Would you print the whole listing again, exactly?

--- START ---

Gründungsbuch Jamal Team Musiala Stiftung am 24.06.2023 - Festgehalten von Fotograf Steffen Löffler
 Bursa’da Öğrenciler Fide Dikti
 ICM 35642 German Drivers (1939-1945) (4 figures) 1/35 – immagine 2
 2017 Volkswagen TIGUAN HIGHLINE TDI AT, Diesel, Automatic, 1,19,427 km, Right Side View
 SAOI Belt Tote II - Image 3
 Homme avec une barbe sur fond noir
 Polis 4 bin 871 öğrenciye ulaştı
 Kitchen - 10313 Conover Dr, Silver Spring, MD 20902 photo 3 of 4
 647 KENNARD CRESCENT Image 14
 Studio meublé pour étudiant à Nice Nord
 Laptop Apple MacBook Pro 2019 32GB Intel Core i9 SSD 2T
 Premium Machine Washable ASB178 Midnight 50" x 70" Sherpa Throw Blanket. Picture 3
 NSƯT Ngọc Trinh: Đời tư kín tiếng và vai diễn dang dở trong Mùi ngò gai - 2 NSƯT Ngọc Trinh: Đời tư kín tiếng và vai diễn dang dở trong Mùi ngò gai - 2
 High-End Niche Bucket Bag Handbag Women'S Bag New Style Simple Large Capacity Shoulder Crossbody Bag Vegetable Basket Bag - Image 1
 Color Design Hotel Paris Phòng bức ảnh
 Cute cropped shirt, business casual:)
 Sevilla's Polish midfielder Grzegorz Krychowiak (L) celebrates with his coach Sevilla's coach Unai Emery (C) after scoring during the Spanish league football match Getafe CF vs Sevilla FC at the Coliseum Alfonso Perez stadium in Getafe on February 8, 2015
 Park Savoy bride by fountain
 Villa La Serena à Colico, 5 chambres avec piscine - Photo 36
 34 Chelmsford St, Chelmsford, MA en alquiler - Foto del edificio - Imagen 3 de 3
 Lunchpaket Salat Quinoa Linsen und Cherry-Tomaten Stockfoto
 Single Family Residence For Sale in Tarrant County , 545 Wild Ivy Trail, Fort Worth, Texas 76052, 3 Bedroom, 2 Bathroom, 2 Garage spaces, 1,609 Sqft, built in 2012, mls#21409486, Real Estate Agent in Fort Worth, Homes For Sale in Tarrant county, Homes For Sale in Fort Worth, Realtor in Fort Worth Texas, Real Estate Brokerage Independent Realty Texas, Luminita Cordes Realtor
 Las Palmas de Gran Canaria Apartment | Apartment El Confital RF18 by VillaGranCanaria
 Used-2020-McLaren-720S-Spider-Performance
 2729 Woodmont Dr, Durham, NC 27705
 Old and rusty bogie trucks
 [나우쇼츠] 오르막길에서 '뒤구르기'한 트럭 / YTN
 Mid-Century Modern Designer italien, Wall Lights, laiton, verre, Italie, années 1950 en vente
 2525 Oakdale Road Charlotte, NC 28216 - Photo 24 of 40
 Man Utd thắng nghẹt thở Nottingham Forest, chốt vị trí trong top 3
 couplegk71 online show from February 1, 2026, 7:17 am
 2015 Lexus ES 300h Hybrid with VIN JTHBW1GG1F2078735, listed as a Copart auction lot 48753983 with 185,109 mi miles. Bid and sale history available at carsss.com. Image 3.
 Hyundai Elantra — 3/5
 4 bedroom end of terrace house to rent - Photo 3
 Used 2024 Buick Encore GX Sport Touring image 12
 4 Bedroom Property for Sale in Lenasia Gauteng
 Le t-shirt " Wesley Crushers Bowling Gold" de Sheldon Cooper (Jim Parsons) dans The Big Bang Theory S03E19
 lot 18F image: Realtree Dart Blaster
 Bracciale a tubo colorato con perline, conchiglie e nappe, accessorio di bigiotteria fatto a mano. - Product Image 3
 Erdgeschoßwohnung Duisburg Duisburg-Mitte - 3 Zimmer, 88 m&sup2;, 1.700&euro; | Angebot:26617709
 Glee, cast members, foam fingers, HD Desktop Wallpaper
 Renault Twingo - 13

--- END ---

▶ [RESULT OF THE TASK]:
Gründungsbuch Jamal Team Musiala Stiftung am 24.06.2023 - Festgehalten von Fotograf Steffen Löffler
 Bursa’da Öğrenciler Fide Dikti
 ICM 35642 German Drivers (1939-1945) (4 figures) 1/35 – immagine 2
 2017 Volkswagen TIGUAN HIGHLINE TDI AT, Diesel, Automatic, 1,19,427 km, Right Side View
 SAOI Belt Tote II - Image 3
 Homme avec une barbe sur fond noir
 Polis 4 bin 871 öğrenciye ulaştı
 Kitchen - 10313 Conover Dr, Silver Spring, MD 20902 photo 3 of 4
 647 KENNARD CRESCENT Image 14
 Studio meublé pour étudiant à Nice Nord
 Laptop Apple MacBook Pro 2019 32GB Intel Core i9 SSD 2T
 Premium Machine Washable ASB178 Midnight 50" x 70" Sherpa Throw Blanket. Picture 3
 NSƯT Ngọc Trinh: Đời tư kín tiếng và vai diễn dang dở trong Mùi ngò gai - 2 NSƯT Ngọc Trinh: Đời tư kín tiếng và vai diễn dang dở trong Mùi ngò gai - 2
 High-End Niche Bucket Bag Handbag Women'S Bag New Style Simple Large Capacity Shoulder Crossbody Bag Vegetable Basket Bag - Image 1
 Color Design Hotel Paris Phòng bức ảnh
 Cute cropped shirt, business casual:)
 Sevilla's Polish midfielder Grzegorz Krychowiak (L) celebrates with his coach Sevilla's coach Unai Emery (C) after scoring during the Spanish league football match Getafe CF vs Sevilla FC at the Coliseum Alfonso Perez stadium in Getafe on February 8, 2015
 Park Savoy bride by fountain
 Villa La Serena à Colico, 5 chambres avec piscine - Photo 36
 34 Chelmsford St, Chelmsford, MA en alquiler - Foto del edificio - Imagen 3 de 3
 Lunchpaket Salat Quinoa Linsen und Cherry-Tomaten Stockfoto
 Single Family Residence For Sale in Tarrant County , 545 Wild Ivy Trail, Fort Worth, Texas 76052, 3 Bedroom, 2 Bathroom, 2 Garage spaces, 1,609 Sqft, built in 2012, mls#21409486, Real Estate Agent in Fort Worth, Homes For Sale in Tarrant county, Homes For Sale in Fort Worth, Realtor in Fort Worth Texas, Real Estate Brokerage Independent Realty Texas, Luminita Cordes Realtor
 Las Palmas de Gran Canaria Apartment | Apartment El Confital RF18 by VillaGranCanaria
 Used-2020-McLaren-720S-Spider-Performance
 2729 Woodmont Dr, Durham, NC 27705
 Old and rusty bogie trucks
 [나우쇼츠] 오르막길에서 '뒤구르기'한 트럭 / YTN
 Mid-Century Modern Designer italien, Wall Lights, laiton, verre, Italie, années 1950 en vente
 2525 Oakdale Road Charlotte, NC 28216 - Photo 24 of 40
 Man Utd thắng nghẹt thở Nottingham Forest, chốt vị trí trong top 3
 couplegk71 online show from February 1, 2026, 7:17 am
 2015 Lexus ES 300h Hybrid with VIN JTHBW1GG1F2078735, listed as a Copart auction lot 48753983 with 185,109 mi miles. Bid and sale history available at carsss.com. Image 3.
 Hyundai Elantra — 3/5
 4 bedroom end of terrace house to rent - Photo 3
 Used 2024 Buick Encore GX Sport Touring image 12
 4 Bedroom Property for Sale in Lenasia Gauteng
 Le t-shirt " Wesley Crushers Bowling Gold" de Sheldon Cooper (Jim Parsons) dans The Big Bang Theory S03E19
 lot 18F image: Realtree Dart Blaster
 Bracciale a tubo colorato con perline, conchiglie e nappe, accessorio di bigiotteria fatto a mano. - Product Image 3
 Erdgeschoßwohnung Duisburg Duisburg-Mitte - 3 Zimmer, 88 m&sup2;, 1.700&euro; | Angebot:26617709
 Glee, cast members, foam fingers, HD Desktop Wallpaper
 Renault Twingo - 13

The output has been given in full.